Know Your Soil Type and Organically Improve It

Improving Your Garden Soil

Recognising your soil type and improving it organically

We rarely have the opportunity to choose our site or the soil for our garden, and have to make do the best we can. Most gardens are on old sites and may be exhausted and pest ridden. Those in towns are likely to be polluted and out of balance, especially if many chemicals have been used. New sites and country gardens may have been treated better, or worse if they were recently formed. Sites run derelict and full of rampant weeds will probably have better soil.

improving garden soils Generally, most soils will produce flowers, shrubs or tree fruit without much improvement, but need to be better for vegetables and soft fruit. Problem soils tend to be local problems and it is always a good idea to see how neighbours cope.

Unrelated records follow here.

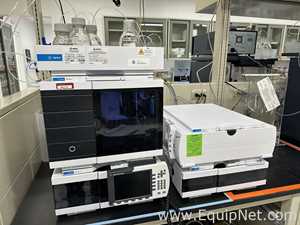 Agilent 1260 Infinity II HPLC Fluid Chromatography with Multisampler, Quat Pump, MCT and DAD WR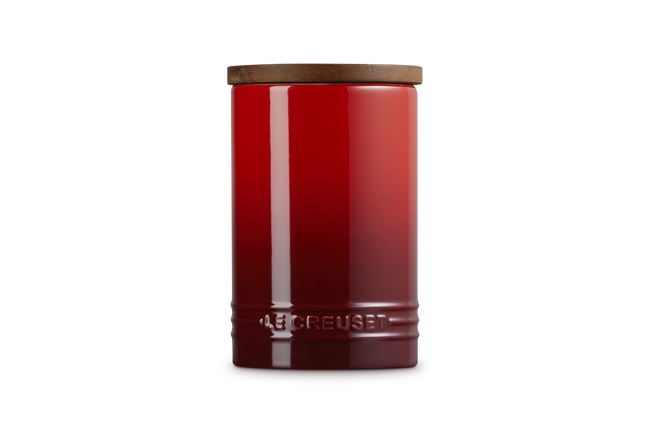Le Creuset Signature Canister With Lid 770Ml In Cerise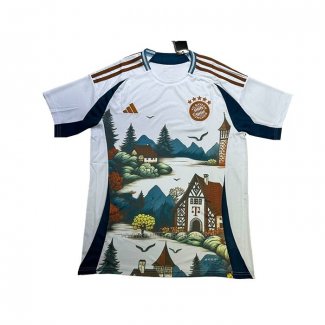 Tailandia Camiseta Bayern Munich Special 2025-2026 Blanco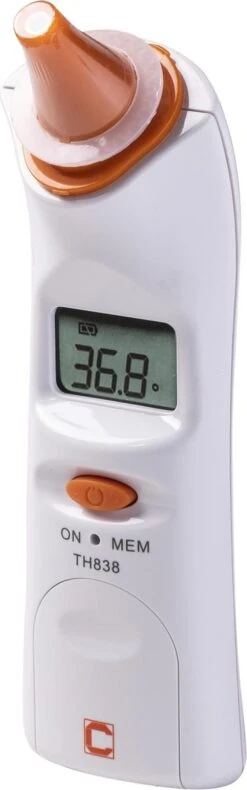 Cresta Care TH838NG Next Generation Infrarood Oor Thermometer Voor Kinderen En Volwassenen -MEDISANA Shop 375x1200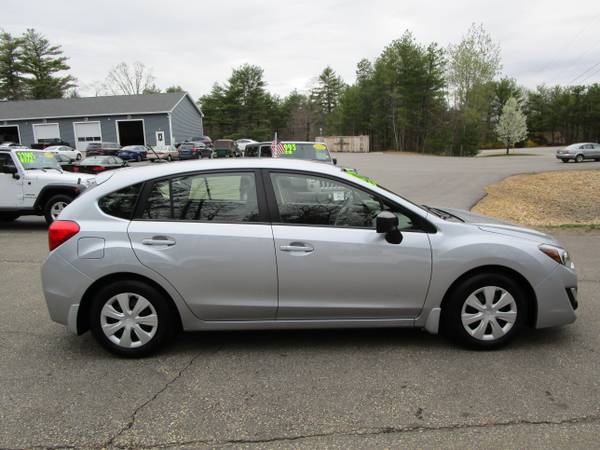 2016 SUBARU IMPREZA AWD ONLY 70K WITH CERTIFIED WARRANTY - cars & for sale in Loudon, NH – photo 6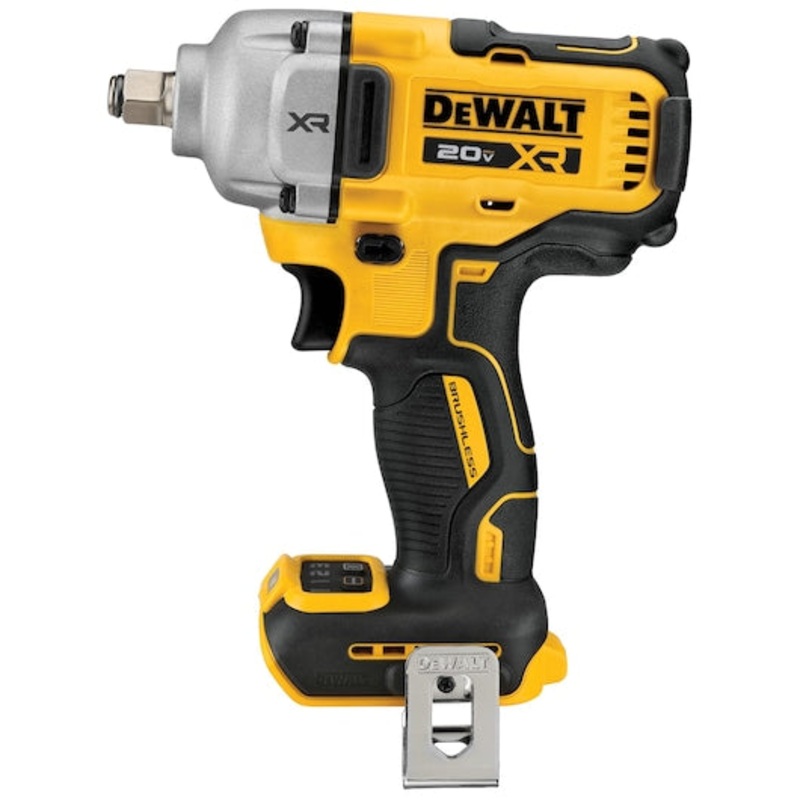 DEWALT 20V MAX* XR 1/2 in. Mid-Range Impact Wrench with Hog Ring Anvil (Tool Only)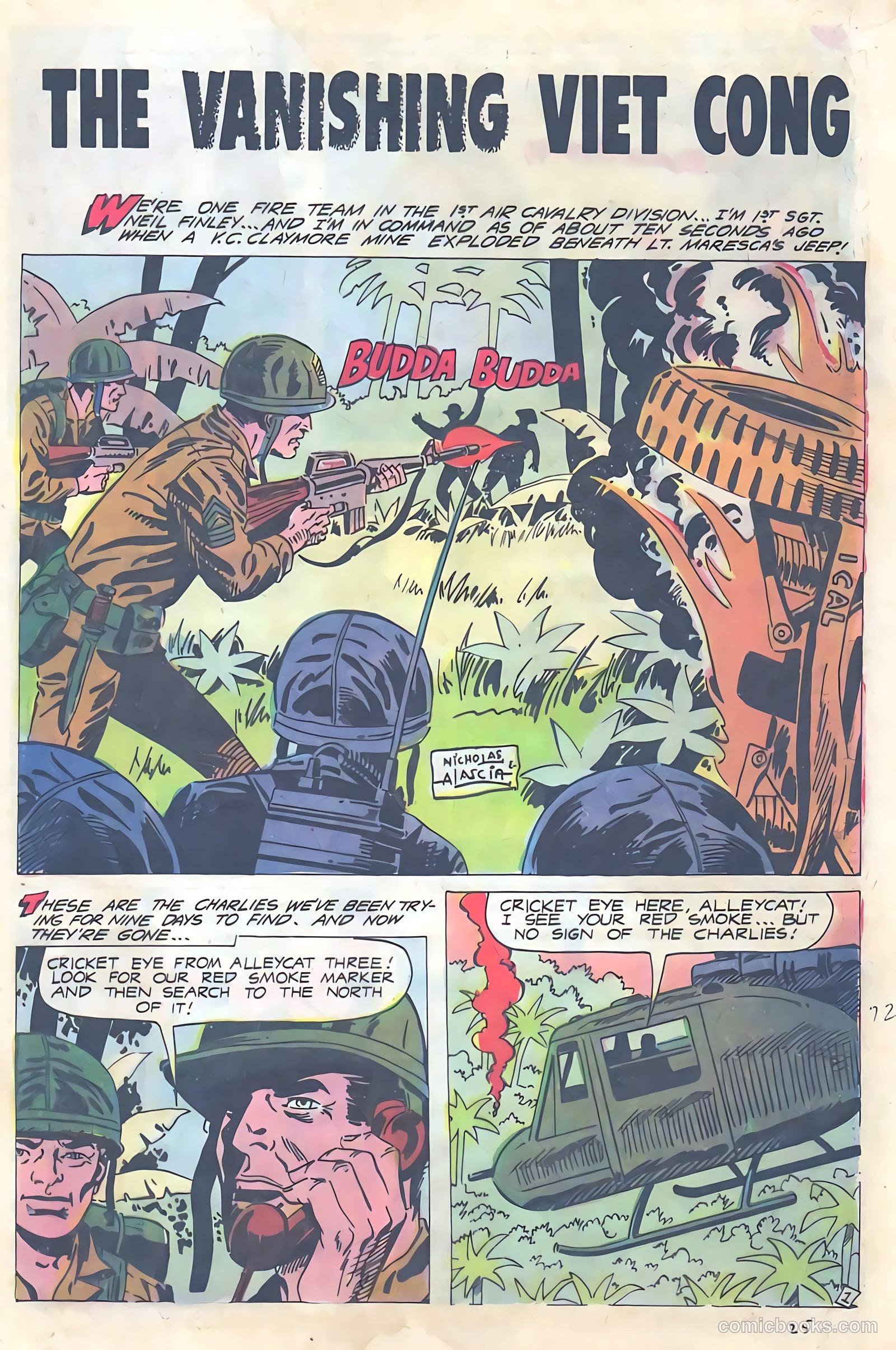 Fightin' Army #72 — page 25 of 36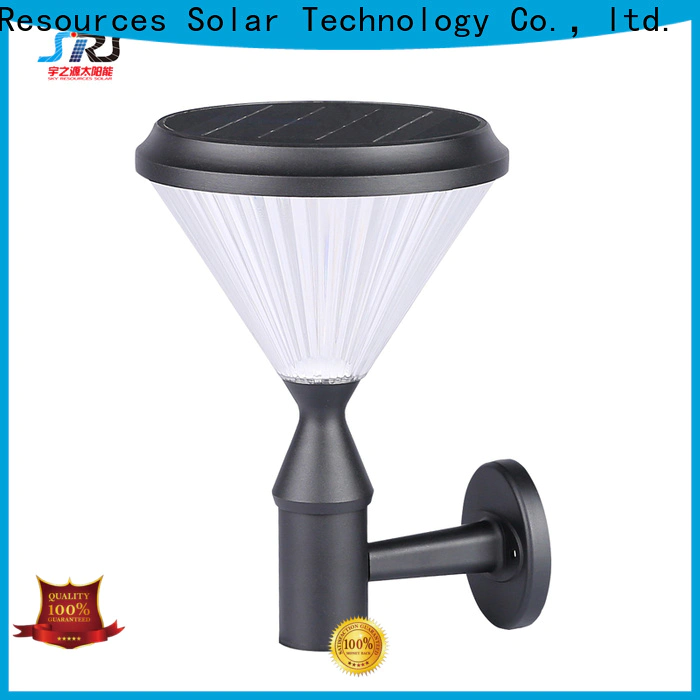 SRS Wholesale solar garden wall lights uk factory for house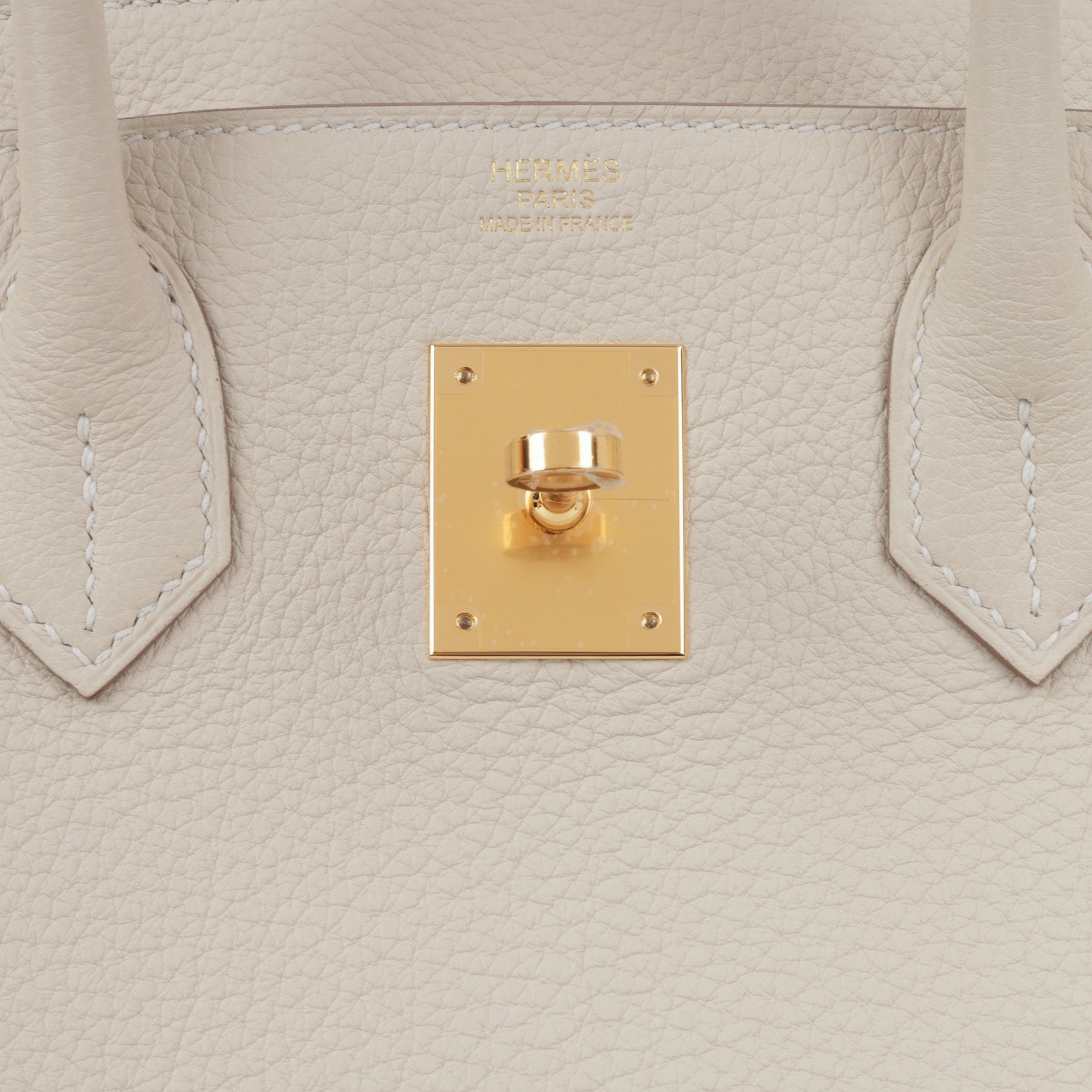 Hermès Birkin 30 - Craie Togo | Gold Hardware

Almost all soils can be improved, but it may even be an easier option to put on extra topsoil if the existing soil is very poor. Most types of soil need basically the same treatment to improve them: the addition of copious quantities of organic material. Anything else is of little consequence by comparison.

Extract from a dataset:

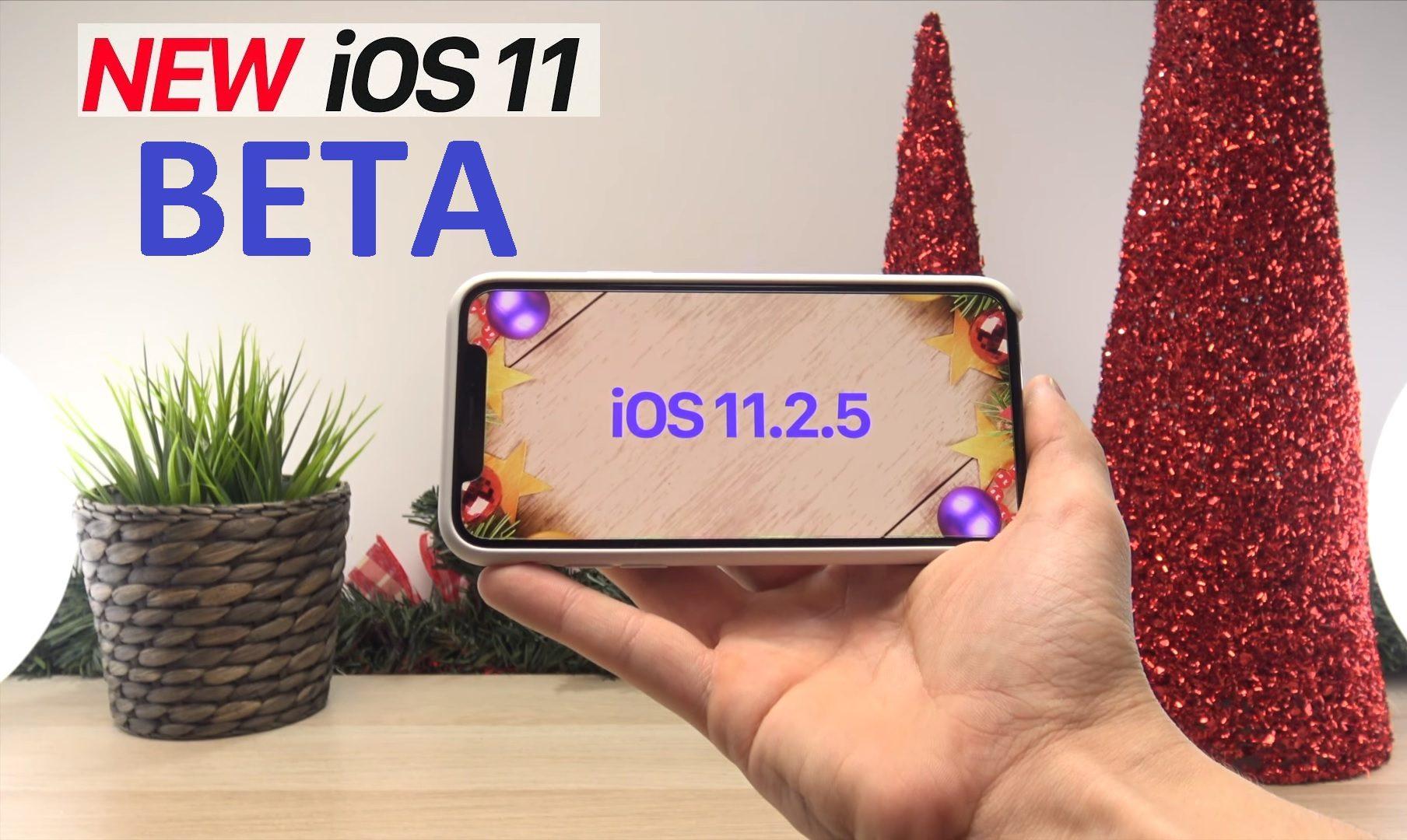 Как скачать iOS 11.2.5 и как установить iOS 11.2.5 на Айфон и Айпад?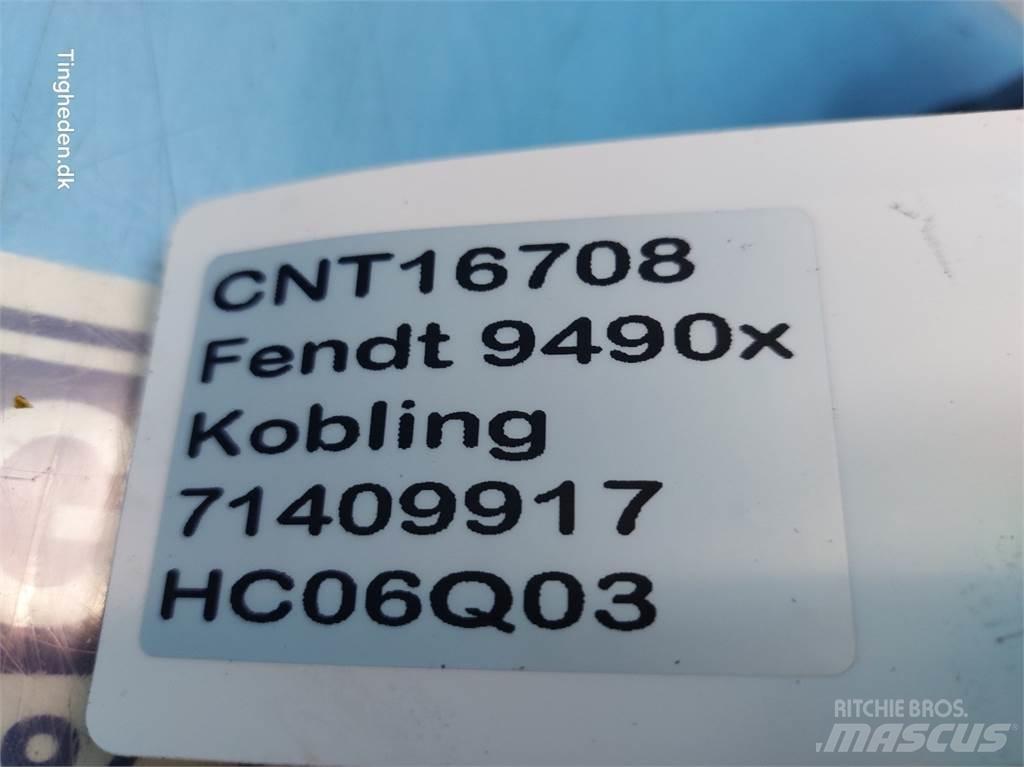 Fendt 9490X Transmission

Soils can be divided into types in many ways, but what concerns the gardener most is their effects on plant growth and ease of labour. There is no need to know their exact composition, but how they behave.

 

Loamy Soil

Loamy soils are produced when old meadow or grass sward is dug up, or where other soils have been heavily enriched with organic material. This is the best type of soil for most plants. The best loams have a rich, brown, sugary texture, made mostly of earthworm droppings, which encourages plants grown in them to produce masses of fine root hairs that pull up granular soil particles with every root. You can make your own loam-like soil for your most favoured plants by stacking and rotting down turves of grass.

 

Heavy Clay Soil

Heavy clay soils are hard to dig, stick to every tool and boot, drain poorly and pool with water in heavy rain. However, they are the richest soils, rarely suffer mineral deficiency and resist drought well, though eventually set like concrete. Clay soils must never be compacted while wet, so do not stand on them. They need copious amounts of coarse organic material, sharp sand or grit, and they benefit from liming and fixed bed gardening. Heavy soils encourage slugs, but also produce the best cauliflowers and roses.

 

Sandy Soil

Sandy soils are a joy to dig, wash easily off tools and shoes, and never pool with water even in downpours. They need much more organic material, rock dust (especially ground rock potash) and organic fertilisers than other soils because their wonderful aeration burns off humus quickly. They warm up quickly in spring for early crops, but dry out badly. If not too stony, they will produce super carrots.

 

Silty Soil

Silty soils are more like sandy soils than clays, because they do not retain water and are fairly easy to work. Often built up on old river beds, they benefit from ground rock dusts. They are good for most crops if well fed, but tend to splash and cap badly in the wet.

 

Lime-Rich / Thin Chalky Soil

Lime-rich or worse, thin, chalky soils cause chlorosis (yellowing leaves with green veins) in lime-hating plants by locking up iron and other nutrients. Slightly lime-rich soils suit most plants though, especially brassicas, if they are also rich and moist. Good for many trees, figs and grapes, these soils need feeding and mulching. Thin ones over chalk or limestone are then hot and hungry, so raised beds will significantly improve them.

 

Stony Soil

Stony soils tend to be freer draining, though not always. The stones are of little consequence to most plants, but frustrate cultivation, especially hoeing. These soils are better with permanent plantings and mulches rather than for growing annuals and vegetables, though these can thrive on cleaned beds. ‘Hoeing mulches’ of sharp sand make hoeing and sowing much easier.

 

Peaty Soil

Peaty soils are not always advantageous. Though very high in organic material they can be short of nutrients, dry out easily and are not stable enough for large trees. They will grow good salads and soft fruits, though, and will be naturally suited to lime-haters such as rhododendrons. With the addition of lime, many other plants can be grown, and weeds thrive.

 

Wet Soil

Wet soils tend to be sour or acid, they may need to be limed and drained, especially if low lying, but be cautious not to overdo it. Water gives life and it is only water-logging that is a problem. Adding copious amounts of organic material improves the drainage and water dispersion.

 

Having your garden soil analysed for nutrient content is unnecessary. It is supposedly accurate, but you’d be better off simply applying a bag of seaweed meal. It is difficult to get accurate readings from the patchy soils in gardens, containing all sorts of detritus from dead cats to car batteries, so it is best not to worry about this sort of fine tuning. Aim to incorporate some broad-spectrum organic fertilisers and as much organic material as possible, and most soils will be productive.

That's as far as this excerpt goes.